What the exercise asks –
The result should consist solely of the line containing "רבי אלימלך בידרמן" and the lines that follow it below, each reproduced exactly, the last line included.
= = = = =
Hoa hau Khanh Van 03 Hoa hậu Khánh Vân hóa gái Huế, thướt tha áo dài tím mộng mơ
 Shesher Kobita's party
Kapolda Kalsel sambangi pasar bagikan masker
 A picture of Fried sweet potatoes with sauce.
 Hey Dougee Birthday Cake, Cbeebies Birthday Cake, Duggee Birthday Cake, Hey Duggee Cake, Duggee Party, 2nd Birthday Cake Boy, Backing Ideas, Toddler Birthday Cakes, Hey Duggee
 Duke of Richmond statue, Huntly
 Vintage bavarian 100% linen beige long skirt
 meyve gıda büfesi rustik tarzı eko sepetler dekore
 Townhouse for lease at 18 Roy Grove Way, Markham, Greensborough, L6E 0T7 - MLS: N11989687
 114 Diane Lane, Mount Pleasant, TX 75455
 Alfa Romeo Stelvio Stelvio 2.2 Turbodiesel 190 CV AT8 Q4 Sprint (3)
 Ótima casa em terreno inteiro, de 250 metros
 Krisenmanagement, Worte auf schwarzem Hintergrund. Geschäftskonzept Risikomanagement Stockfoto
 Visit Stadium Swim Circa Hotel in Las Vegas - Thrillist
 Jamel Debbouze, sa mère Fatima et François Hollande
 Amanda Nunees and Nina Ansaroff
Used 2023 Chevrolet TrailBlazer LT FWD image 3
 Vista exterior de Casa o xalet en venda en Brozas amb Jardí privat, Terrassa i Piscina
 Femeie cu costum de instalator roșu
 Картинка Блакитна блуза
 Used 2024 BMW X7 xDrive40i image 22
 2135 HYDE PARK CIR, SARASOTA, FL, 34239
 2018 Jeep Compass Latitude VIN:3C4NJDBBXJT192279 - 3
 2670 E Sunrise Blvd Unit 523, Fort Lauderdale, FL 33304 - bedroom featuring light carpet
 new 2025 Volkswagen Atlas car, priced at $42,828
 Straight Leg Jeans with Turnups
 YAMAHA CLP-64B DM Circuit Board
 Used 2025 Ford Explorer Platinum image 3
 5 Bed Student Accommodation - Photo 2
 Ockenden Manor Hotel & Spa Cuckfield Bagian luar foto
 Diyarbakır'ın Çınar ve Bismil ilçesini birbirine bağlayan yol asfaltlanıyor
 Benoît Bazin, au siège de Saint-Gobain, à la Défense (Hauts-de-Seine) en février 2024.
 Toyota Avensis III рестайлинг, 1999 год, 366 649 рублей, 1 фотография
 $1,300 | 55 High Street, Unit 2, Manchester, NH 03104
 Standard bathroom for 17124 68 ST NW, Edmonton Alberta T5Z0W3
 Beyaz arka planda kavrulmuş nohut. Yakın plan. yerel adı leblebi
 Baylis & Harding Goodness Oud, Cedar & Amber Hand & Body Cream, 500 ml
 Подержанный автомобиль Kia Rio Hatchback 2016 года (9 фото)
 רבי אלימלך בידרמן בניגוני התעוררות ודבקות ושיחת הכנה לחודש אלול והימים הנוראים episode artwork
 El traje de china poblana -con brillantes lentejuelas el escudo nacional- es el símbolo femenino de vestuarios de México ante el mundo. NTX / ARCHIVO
= = = = =
Answer to this exercise –
 רבי אלימלך בידרמן בניגוני התעוררות ודבקות ושיחת הכנה לחודש אלול והימים הנוראים episode artwork
 El traje de china poblana -con brillantes lentejuelas el escudo nacional- es el símbolo femenino de vestuarios de México ante el mundo. NTX / ARCHIVO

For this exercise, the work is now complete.